## [Requirement]
Pictures aside, write every record out again word for word.
★ ★ ★ ★ ★
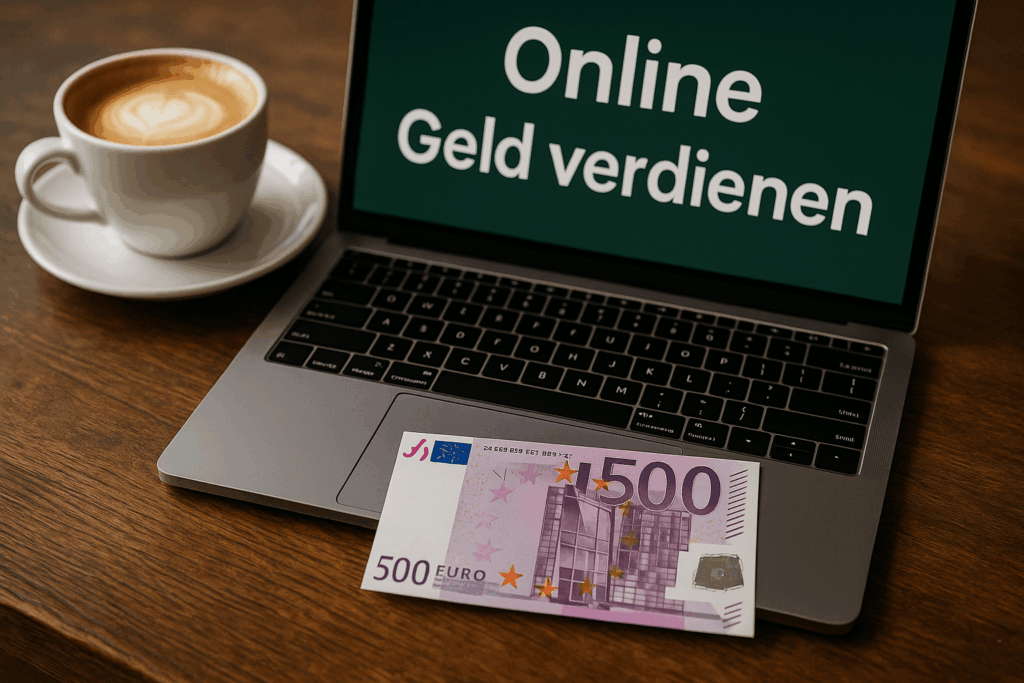 Laptop mit 500-Euro-Schein – Symbolbild für Online-Geldverdienen mit Robethood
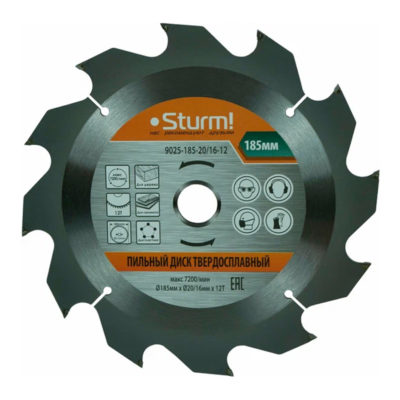 9025-185-20/16-12 Пильный диск 185*20/16*12 зубьев STURM
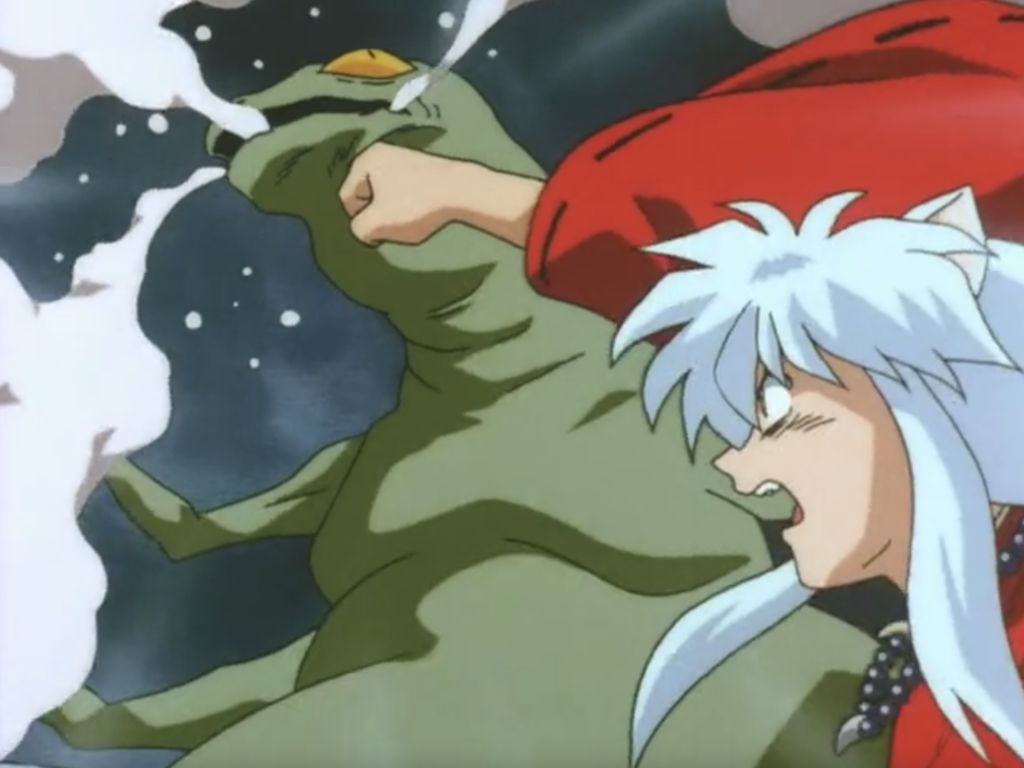 Inuyasha punches the lizard demon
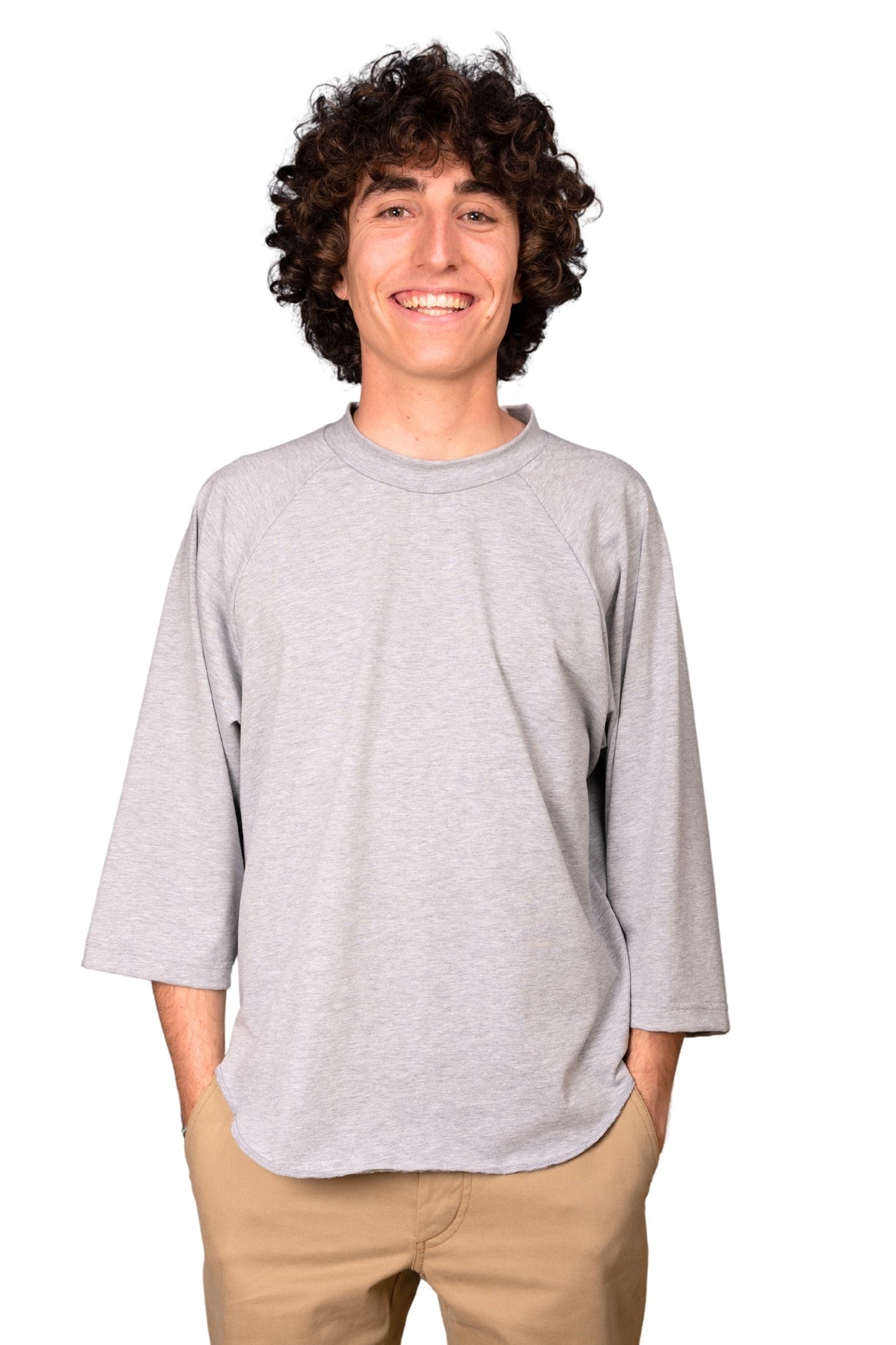 GRAY COTTON JERSEY "RAGLAN" T-SHIRT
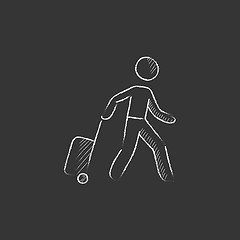 Image showing Man with suitcase. Drawn in chalk icon.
★ ★ ★ ★ ★
## [Your response]
 Laptop mit 500-Euro-Schein – Symbolbild für Online-Geldverdienen mit Robethood
 9025-185-20/16-12 Пильный диск 185*20/16*12 зубьев STURM
 Inuyasha punches the lizard demon
 GRAY COTTON JERSEY "RAGLAN" T-SHIRT
 Image showing Man with suitcase. Drawn in chalk icon.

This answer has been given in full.